Some people pitied her. Others speculated that she was standing by her man now to score some big payoff down the road (he had landed a $2.5 million book deal as a result of his insider’s role with the Clintons). Still others, especially women, were aghast that the highly regarded trial lawyer, with no children to keep her in the marriage, had appeared so placid in the face of a humiliating betrayal.

In a conversation last week, Eileen McGann finally revealed her emotions and explained her behavior. She described the revelations in the tabloids as ““shocks.’’ Asked if, as has been suggested, she and her husband had an ““arrangement’’ that would possibly condone his behavior, she said flatly, ““No.’’ She doesn’t excuse her husband, but she also insists that her future choices will not be dictated by any feminist formulas.

And she has a good point: when people’s private lives are suddenly thrust into public view, little attention is usually paid to the complexity of human relationships. In any marriage there has to be a ““zone of privacy,’’ as Hillary Clinton once so memorably put it, and outsiders should never assume that they understand what goes on inside.
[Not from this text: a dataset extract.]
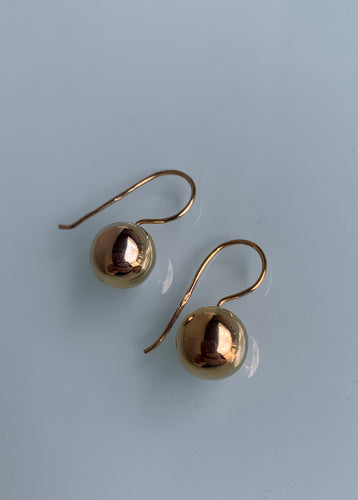 Gold ball drop earrings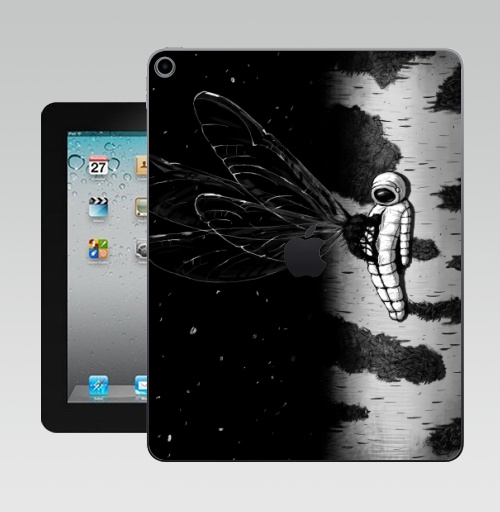 Наклейка на Планшет Apple iPad 10.2 Gen 8 Wi-Fi Береза,  купить в Москве – интернет-магазин Allskins, сюрреализм, астронавт, космос, фантастика, черно-белое, берёзки, космонавтика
You have been so understanding of your husband in public that many people find your reaction unbelievable.

While I’m trying very hard to understand, that doesn’t mean I don’t feel any pain or anger. I’m not happy about what he did, and sometimes I think about dismembering him, and good friends have offered to help me dig up the backyard and bury him.
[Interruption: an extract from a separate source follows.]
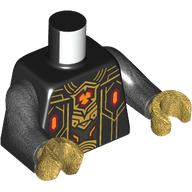 Torse, circuit d'or, rouge foncé/orange symbole motif imprimé, bras gris foncé nacré, mains or nacré (Torso, Gold Circuitry, Dark Red/Orange Symbol Print, Pearl Dark Gray Arms, Pearl Gold Hands)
Nevertheless, you’re sticking with him.

I never said I’m standing by this man no matter what. Somebody else said that. I don’t know where I’m going to be six months or a year from now. I’m taking it day by day. I know one thing: I’m not going to leave someone who’s been my best friend for 20 years.

How did you get through those first days?
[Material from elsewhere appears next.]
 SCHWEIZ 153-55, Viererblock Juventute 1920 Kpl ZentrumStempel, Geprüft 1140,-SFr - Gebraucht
I was numb. I still am. Thank God I have the resources to be able to go on and do what I do. I have my own life, my own caseload, my own career. I am grounded.

Yet some feminists have criticized you for not asserting yourself more. What do you say to them?

Feminism is allowing women to make choices, and not be bound either by Victorian dictates or the comments of gossip columnists and critics. I think any decision I make is highly personal, and there’s no one formula that’s right.

You are being compared to a long line of political wives who have endured indignities and still helped to maintain their husbands’ careers.

I’m not a political wife. I did not move to Washington to try to be some kind of adjunct to Dick. I have my own life, and I shared part of that with Dick.

What is it like to be thrust into the public spotlight?

It’s been very difficult to find privacy. One night when I was sitting in my living room, all of a sudden I noticed a bright light. It was a TV cameraman and a reporter from a tabloid show who came to the front door. They had been warned by police it was a private drive, but they came up without headlights on, snuck up to the house in the dark and shone the camera lights into the living room.

What would you like to see happen now–for your sake?

I would just like to have my privacy, which I’m entitled to. I don’t make my decisions in public, and I don’t feel I owe anyone an explanation of what I do and why I do it.

How is your husband reacting to the ways your lives have changed?

Believe me, he is suffering terribly. This is not easy for anybody. I think what’s lost in this is, we’re talking about people. We’re talking about human beings. We are in the middle of a terrible, terrible trauma, and that seems to get lost in the overanalysis of people who don’t know me and don’t know Dick.

A Newsweek Poll shows that 39 percent of the people surveyed think you are sticking with your husband for financial gain. There must be easier ways to make money than being dragged through something like this in public for weeks and weeks. I’m financially self-sufficient. That’s not what motivates me. What’s motivating me is a deep concern for someone I’ve been close to and who has been deeply supportive of me for 20 years.

Describe your everyday lives now.

He’s at home writing. He has not traveled. I’m working hard. I spend a lot of time with my friends who make me laugh even when things seem impossibly hard… This is a really horrible trauma for everyone who has been touched by it, and answers don’t come–at least for me–immediately.